Web page caption snippets:
---+---

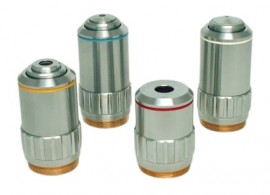 VEE GEE 1400-050xLROI Microscope Objective for the 1442MMi, 50x plan infinity-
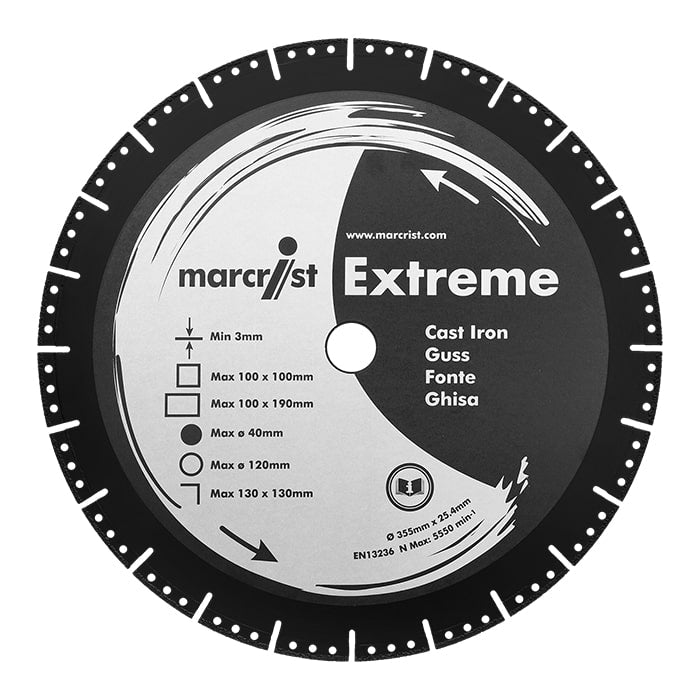 Marcrist Extreme 355 für Guss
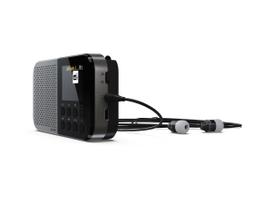 bluetooth radio - Sharp OSAKA DR-P520 Pilka (Grey) - 2 nuotrauka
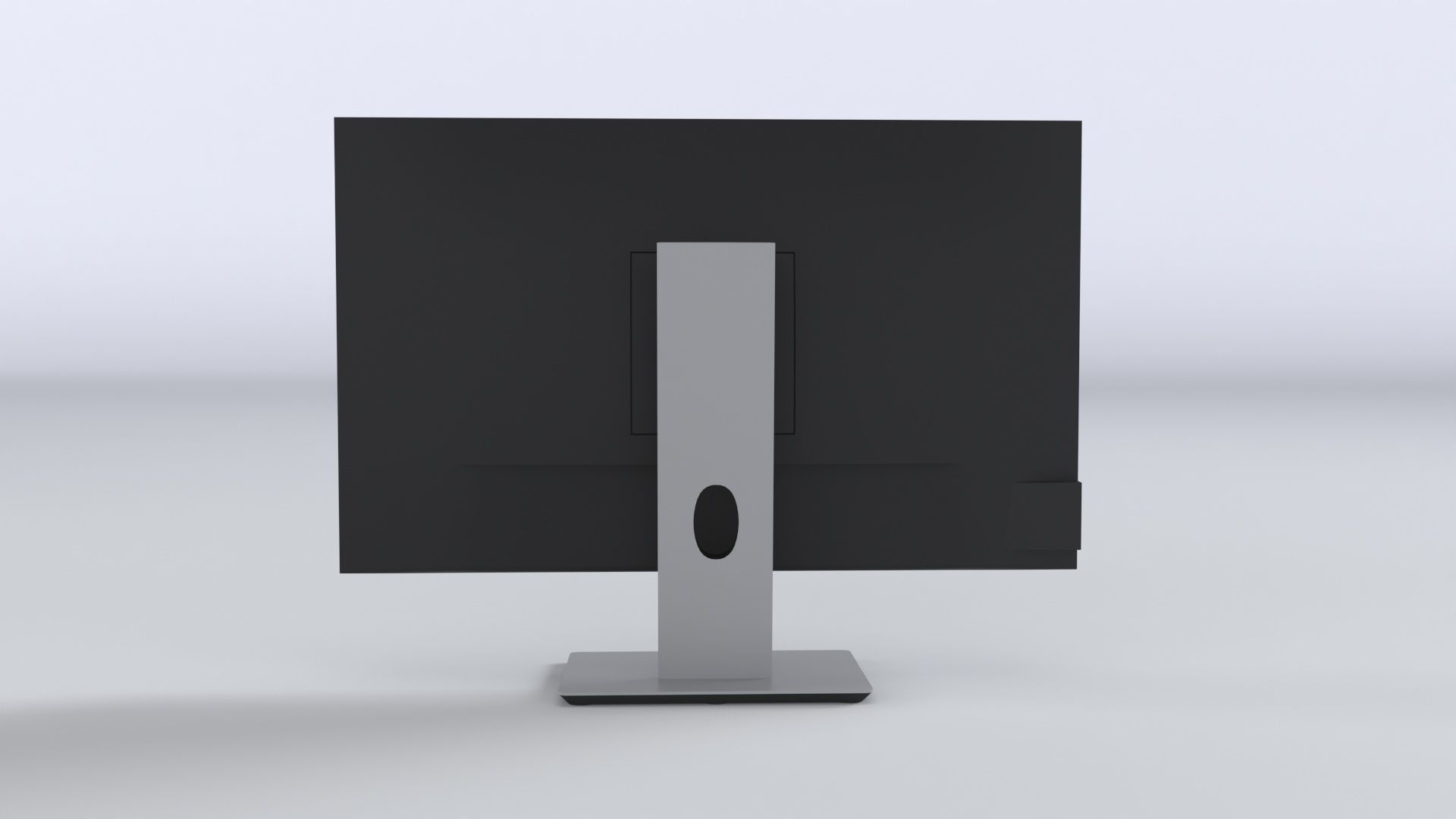 Dell monitor 3d model 3D model_2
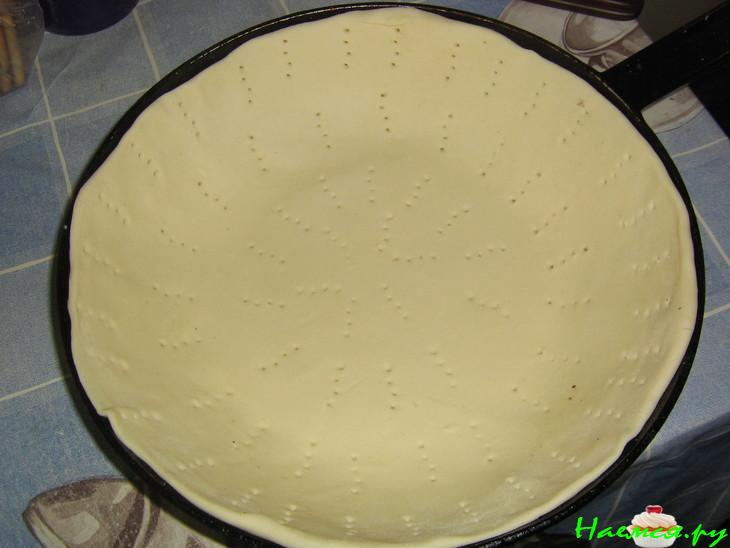 Луково-картофельный киш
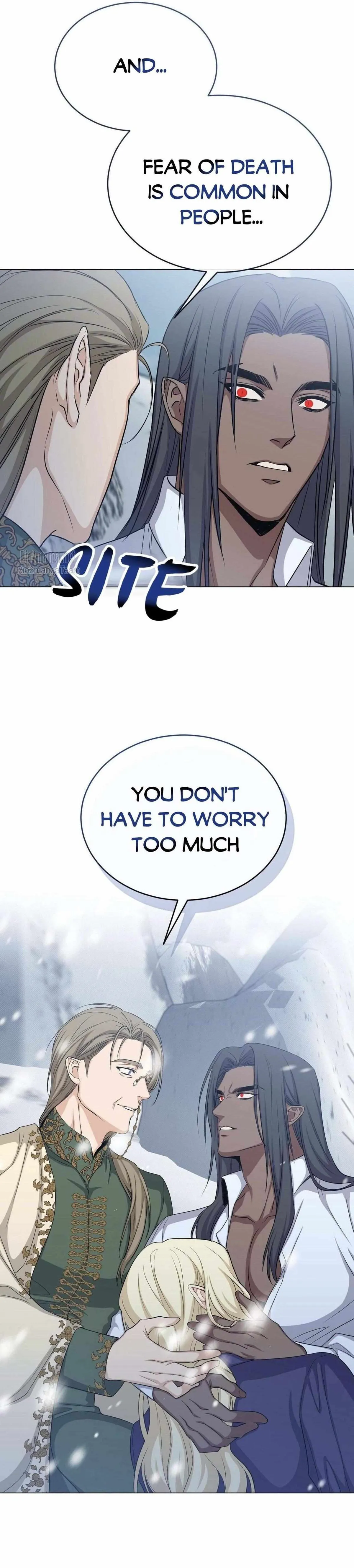 The Moon of the Underworld Chapter 37 page 12 - 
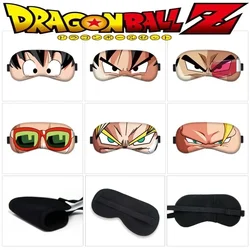 Dragon Ball Eye Mask Son Goku Cartoon Cute Blackout Eye Mask Three-dimensional Breathable Sleeping Eye Mask Eye Protection Masks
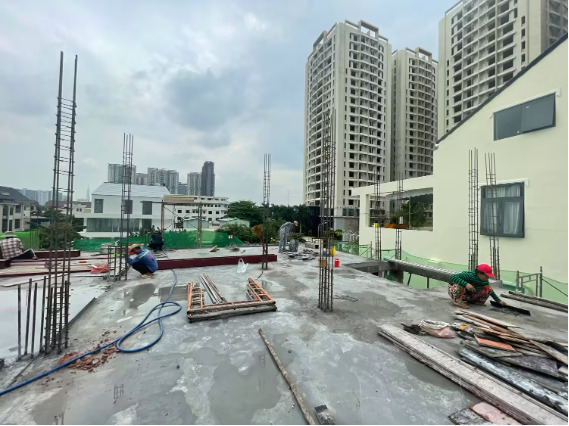 Xây dựng nhà phần thô - Xây Dựng Minh Thịnh Phát - Công Ty TNHH Tư Vấn - Thiết Kế - Xây Dựng Minh Thịnh Phát
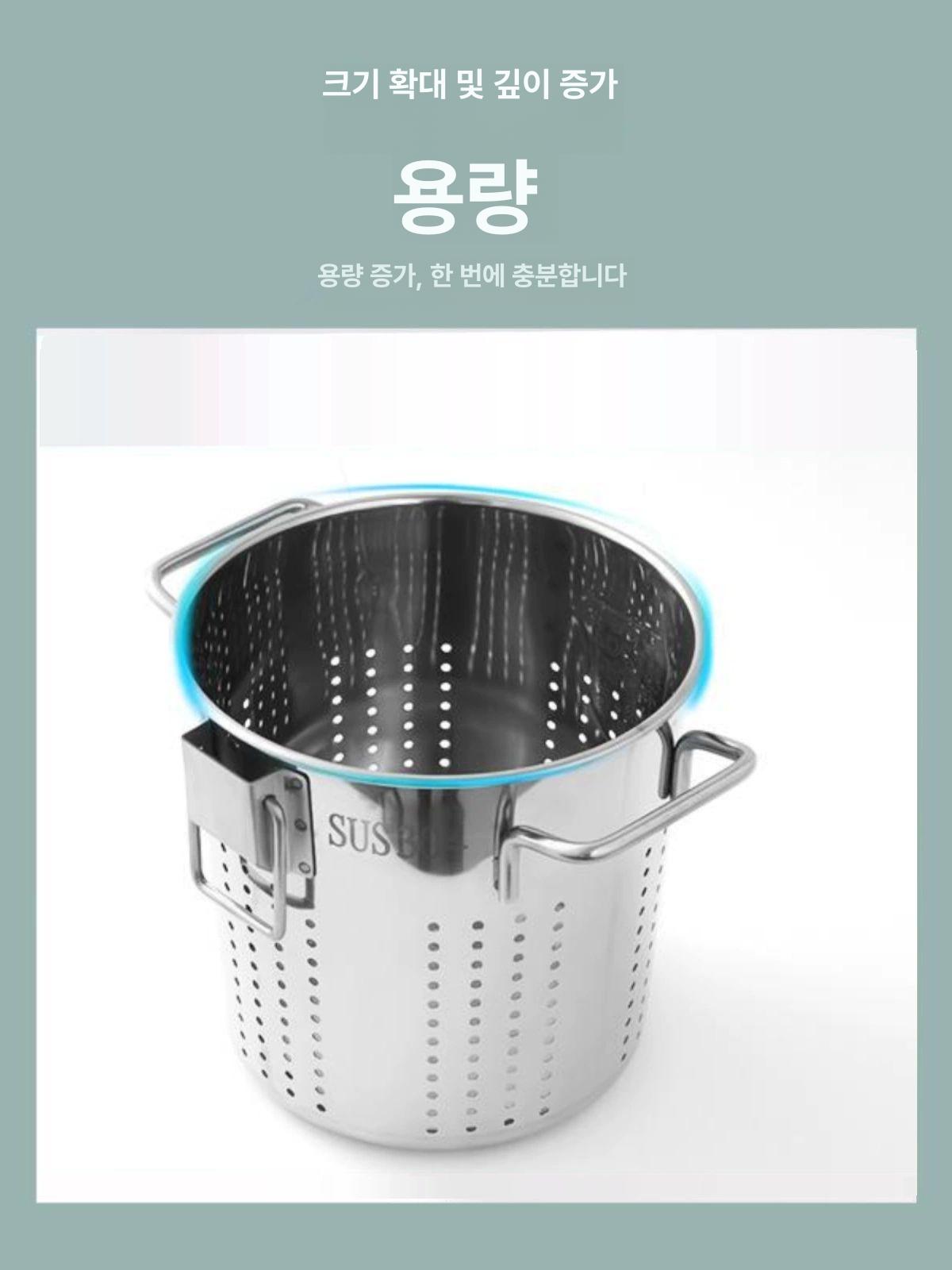 레몬즙 착즙기 수동 스테인리스 스틸 과일 야채 스퀴저 압착기 수동식 머신 - 상세 이미지 5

---+---

Instructions to follow: Your answer is the exact run of lines above from the one with "Marcrist Extreme 355 für Guss" through the one with "Dragon Ball Eye", both ends included, minus any picture.

Result for this task:
 Marcrist Extreme 355 für Guss
 bluetooth radio - Sharp OSAKA DR-P520 Pilka (Grey) - 2 nuotrauka
 Dell monitor 3d model 3D model_2
 Луково-картофельный киш
 The Moon of the Underworld Chapter 37 page 12 - 
 Dragon Ball Eye Mask Son Goku Cartoon Cute Blackout Eye Mask Three-dimensional Breathable Sleeping Eye Mask Eye Protection Masks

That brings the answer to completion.